(Available data)
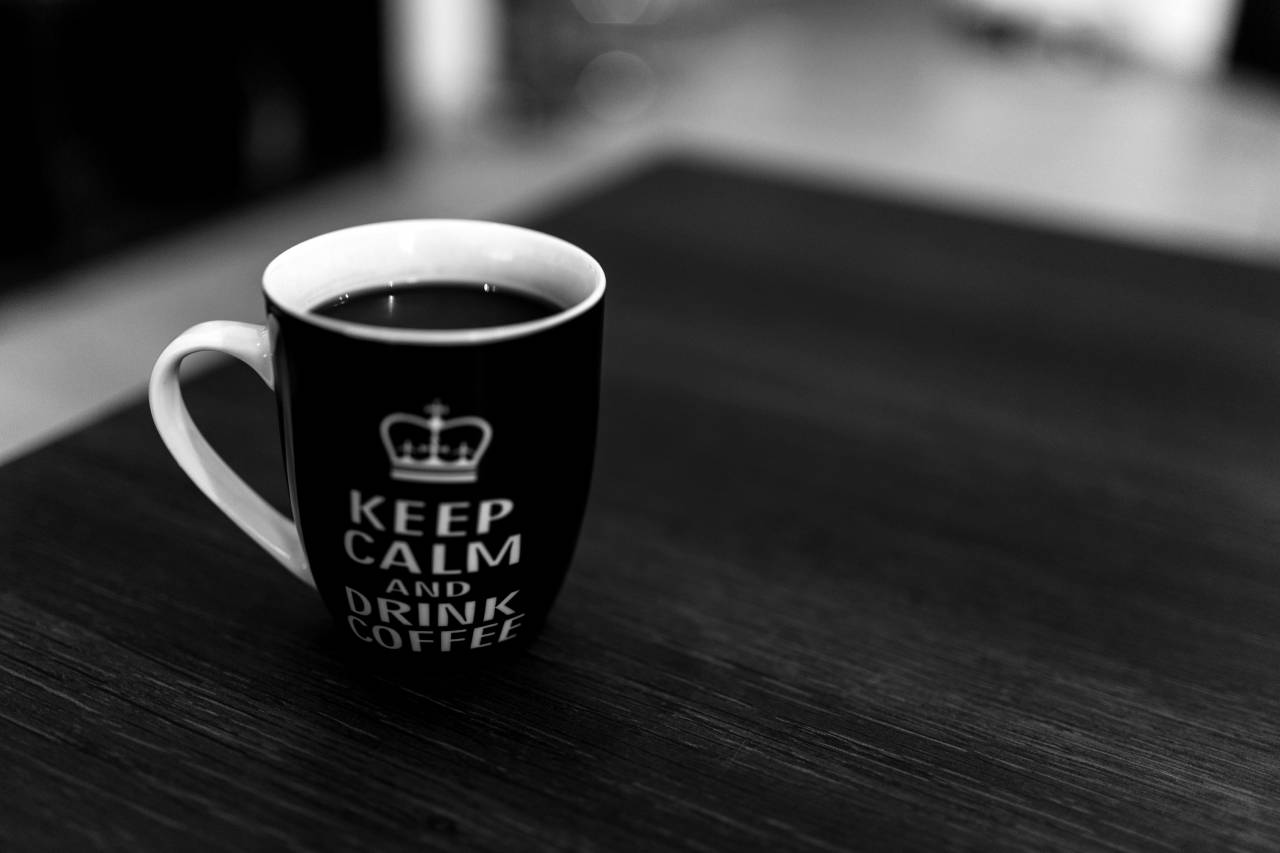 Black & White Coffee Mug on Desk Free Stock Photo  — free black and white photo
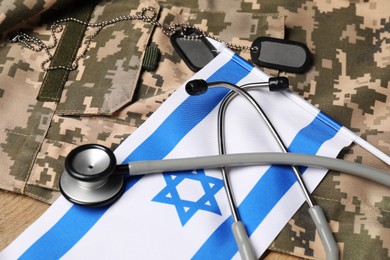 Photo of Stethoscope, flag of Israel, tags and military uniform on table, closeup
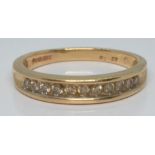 A 9ct gold half eternity ring set with diamonds, 2.4g, size L/M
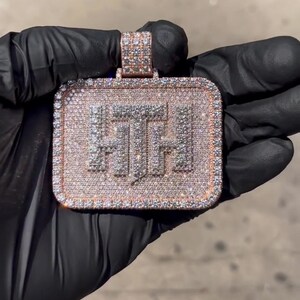 K&ouml;nnte beinhalten: Ein goldener Anh&auml;nger in quadratischer Form mit den Buchstaben "FTF", die mit Diamanten besetzt sind.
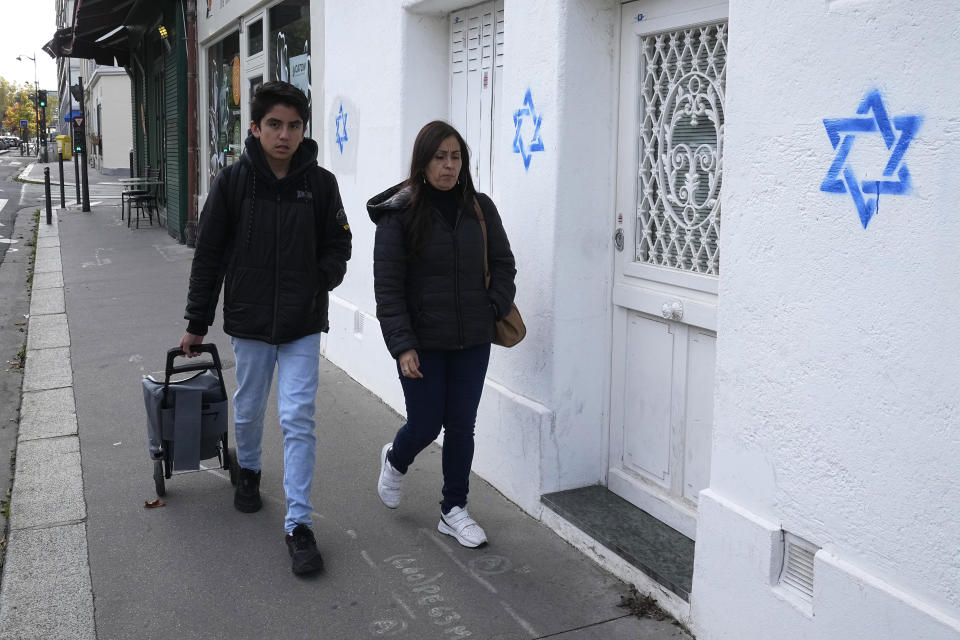 People walk by Stars of David tagged on a wall Tuesday, Oct. 31, 2023 in Paris. Paris police chief Laurent Nunez described the graffiti as anti-Semitic and said police are investigating. (AP Photo/Michel Euler, Pool)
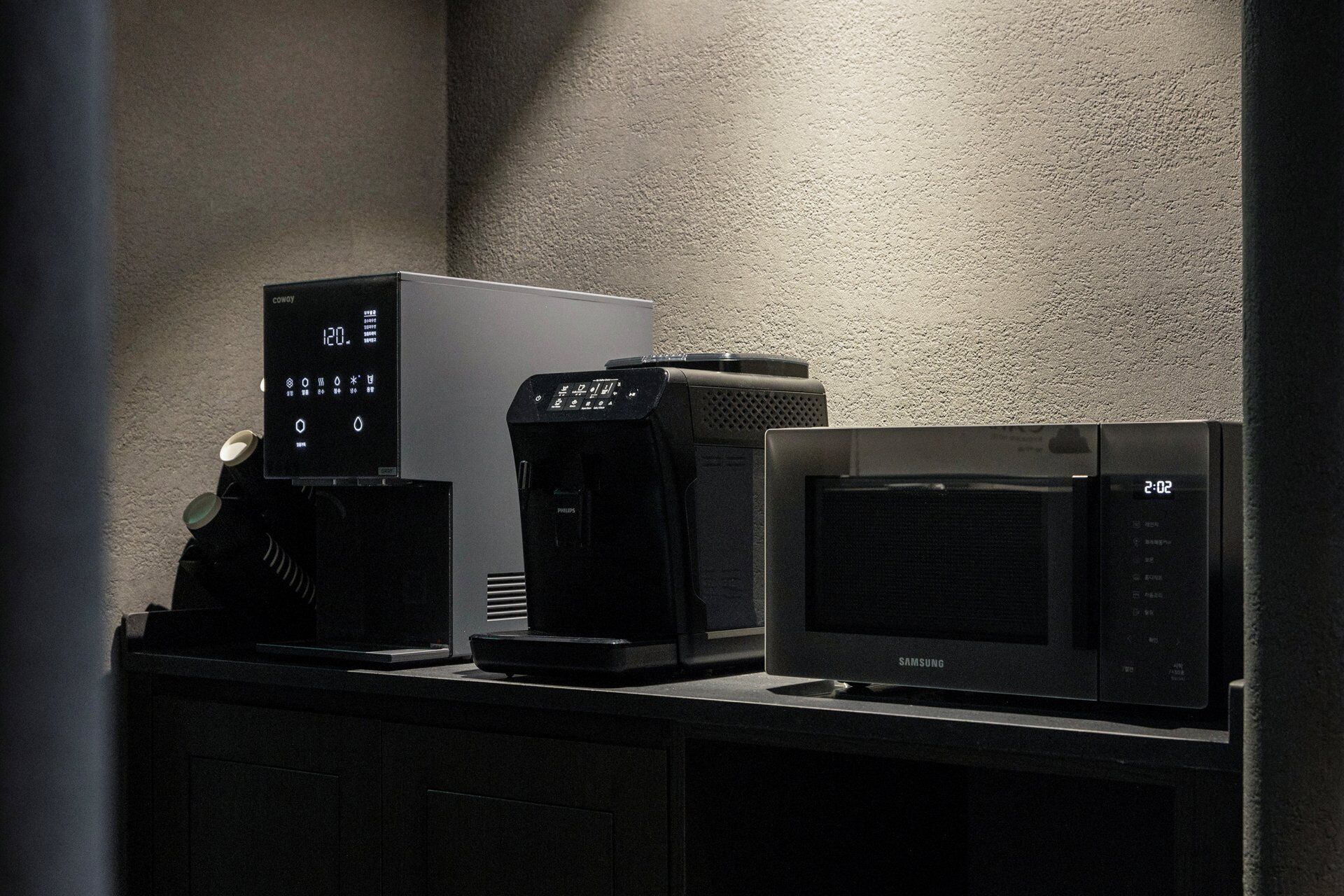 Una cocina con cafetera, microondas y un reloj digital que marca las 12:00.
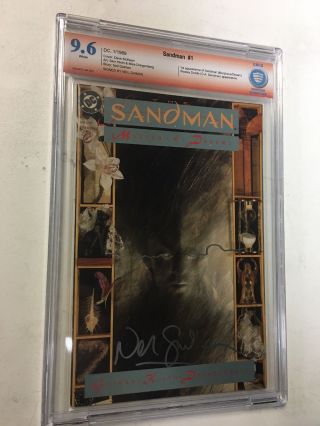 Sandman 1 Cbcs 9.  6 Signed And Remarked By Neil Gaiman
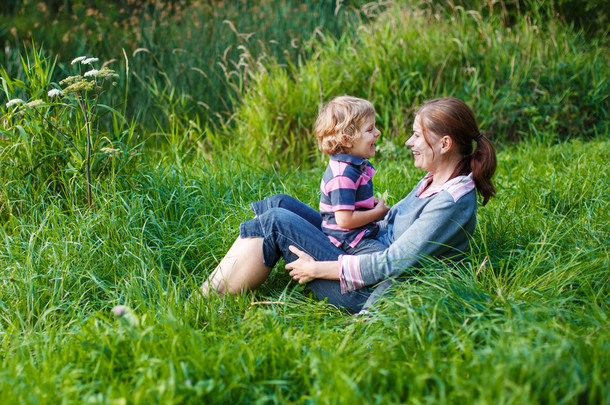 小男孩和他的母亲坐在草在夏季森林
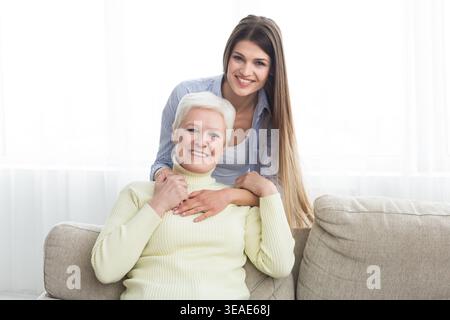 Ti amo mamma. Giovane donna abbracciando coppia madre Foto Stock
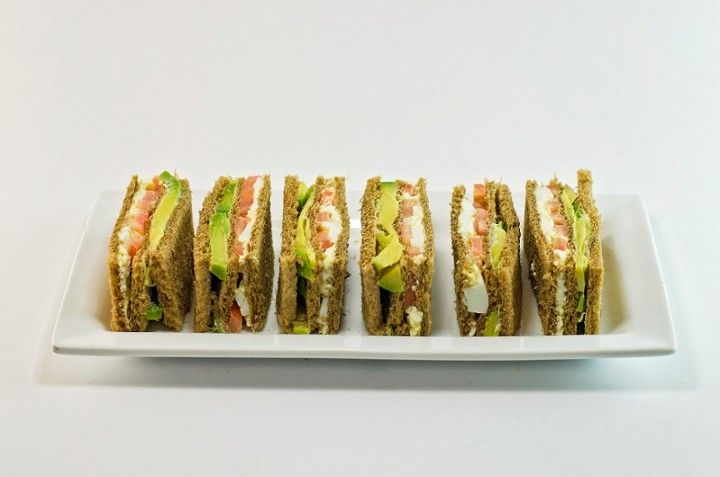 A white plate topped with a row of sandwiches.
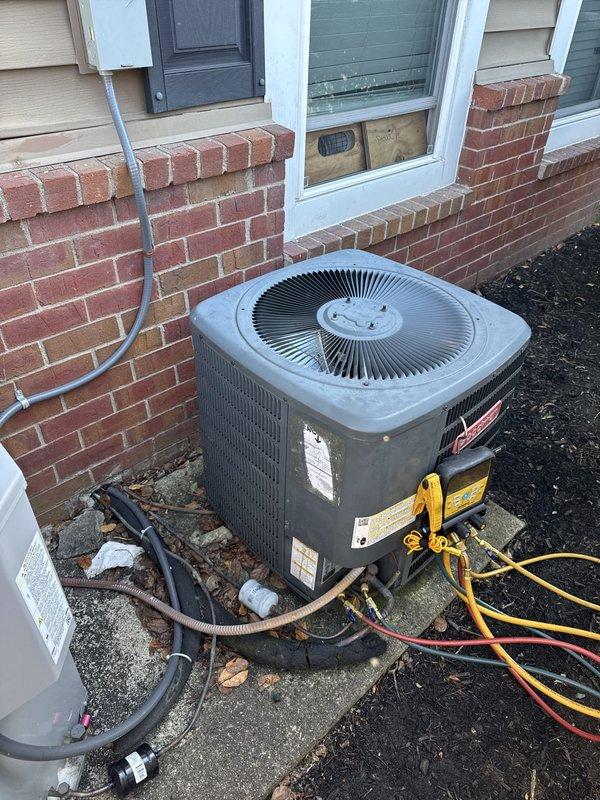 Performed leak check on residential air conditioning system using refrigerant recovery and diagnostic equipment. Connected manifold gauges to outdoor condensing unit and conducted pressure testing to identify potential refrigerant leaks in the system. Verified electrical disconnect operation at breaker panel during diagnostic procedure.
(End Available data)
Your instructions: The records are to be retyped in full and exactly, with no image carried over.

Result:
 Black & White Coffee Mug on Desk Free Stock Photo  — free black and white photo
 Photo of Stethoscope, flag of Israel, tags and military uniform on table, closeup
 A 9ct gold half eternity ring set with diamonds, 2.4g, size L/M
 K&ouml;nnte beinhalten: Ein goldener Anh&auml;nger in quadratischer Form mit den Buchstaben "FTF", die mit Diamanten besetzt sind.
 People walk by Stars of David tagged on a wall Tuesday, Oct. 31, 2023 in Paris. Paris police chief Laurent Nunez described the graffiti as anti-Semitic and said police are investigating. (AP Photo/Michel Euler, Pool)
 Una cocina con cafetera, microondas y un reloj digital que marca las 12:00.
 Sandman 1 Cbcs 9.  6 Signed And Remarked By Neil Gaiman
 小男孩和他的母亲坐在草在夏季森林
 Ti amo mamma. Giovane donna abbracciando coppia madre Foto Stock
 A white plate topped with a row of sandwiches.
 Performed leak check on residential air conditioning system using refrigerant recovery and diagnostic equipment. Connected manifold gauges to outdoor condensing unit and conducted pressure testing to identify potential refrigerant leaks in the system. Verified electrical disconnect operation at breaker panel during diagnostic procedure.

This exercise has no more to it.